◆ Work task:
Exclude the pictures. Transcribe, exactly as written, the lines from the one with "File:Oliver Cromwell loco, book" through the end of the entries below.
************
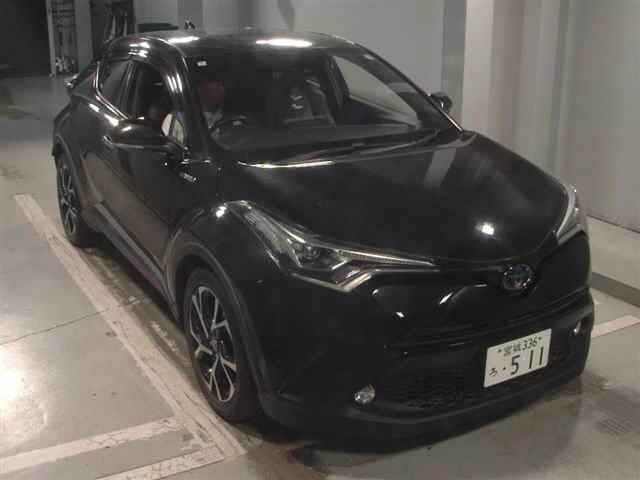 Toyota C-HR 2017 8311951-0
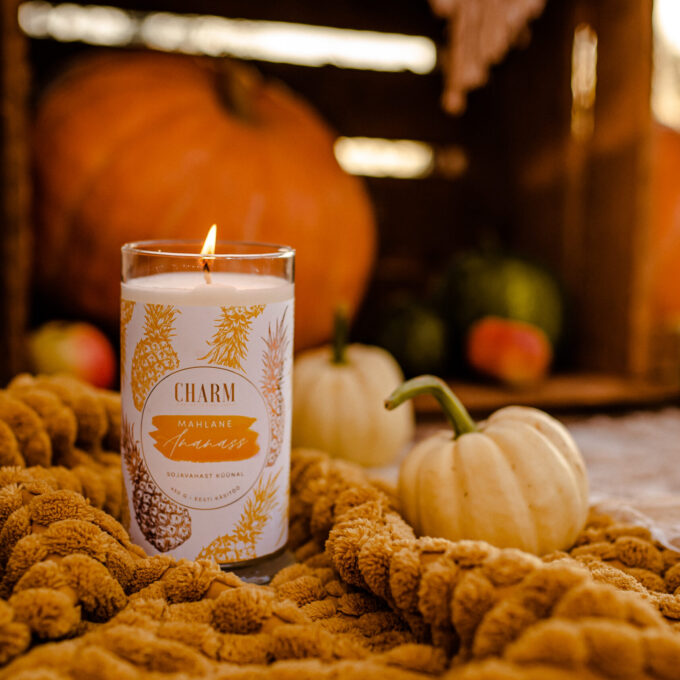 Charm Candle "Mahlane ananass" - Üllatus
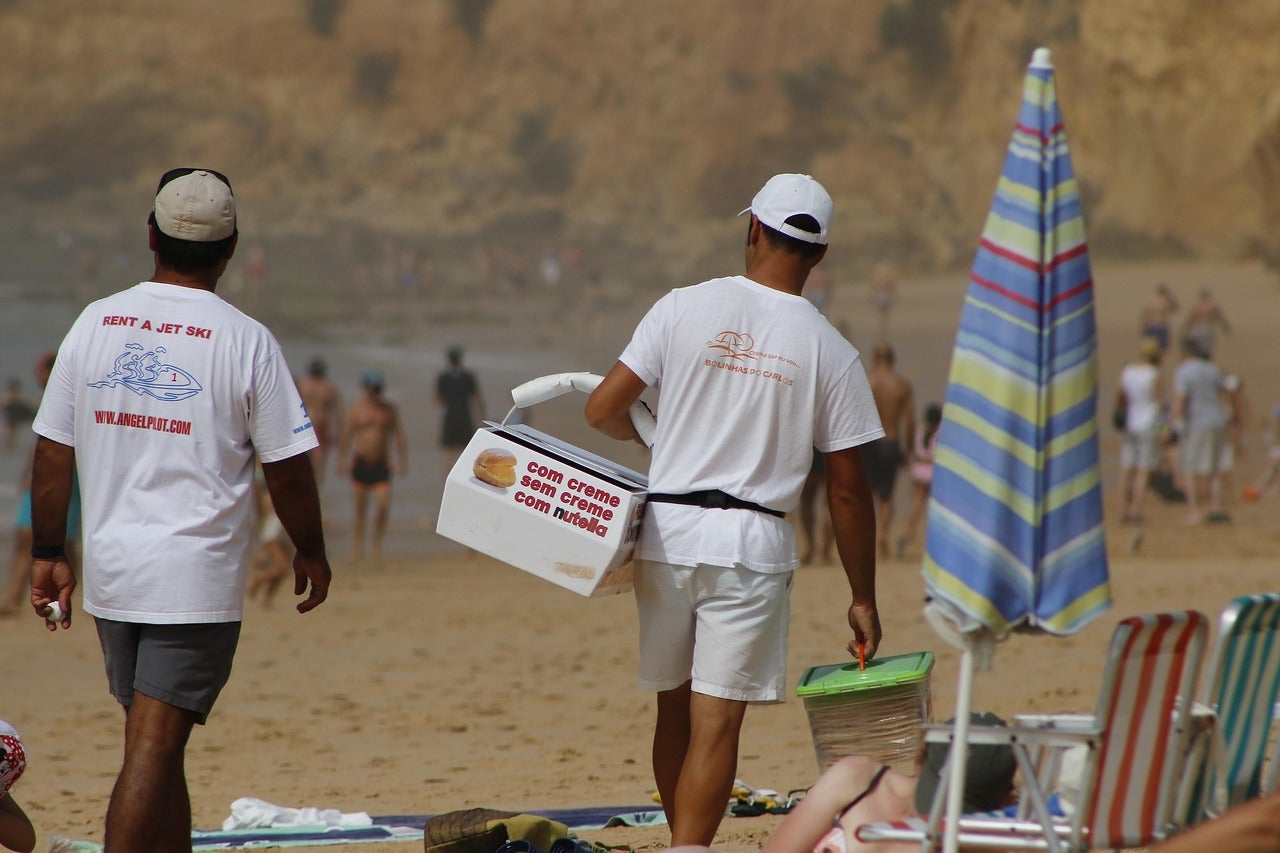 Persones treballant a la platja | Pixabay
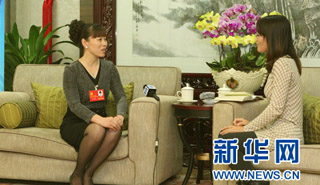 北京公交集團(tuán)駕駛員劉美蓮:把乘客當(dāng)親人，車廂里就會(huì)和諧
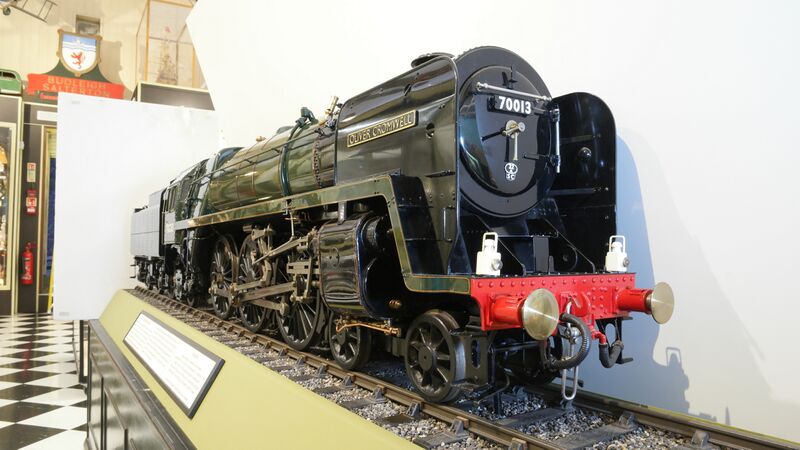 File:Oliver Cromwell loco, book cover photoshoot (2018-01-26).jpg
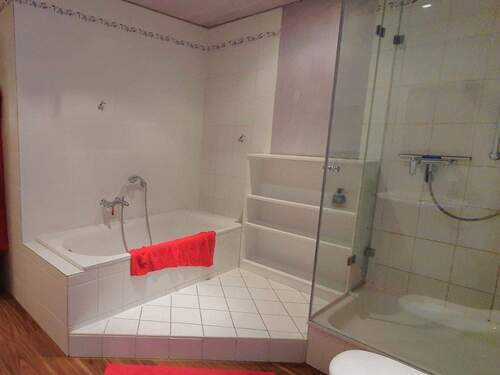 Bad mit Wanne und Dusche - 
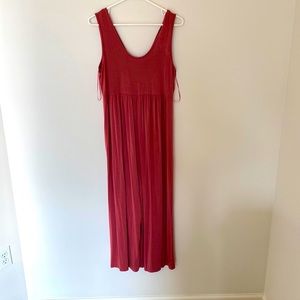 Motherhood maternity romper. Size medium.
************
◆ Result for this exercise:
 File:Oliver Cromwell loco, book cover photoshoot (2018-01-26).jpg
 Bad mit Wanne und Dusche - 
 Motherhood maternity romper. Size medium.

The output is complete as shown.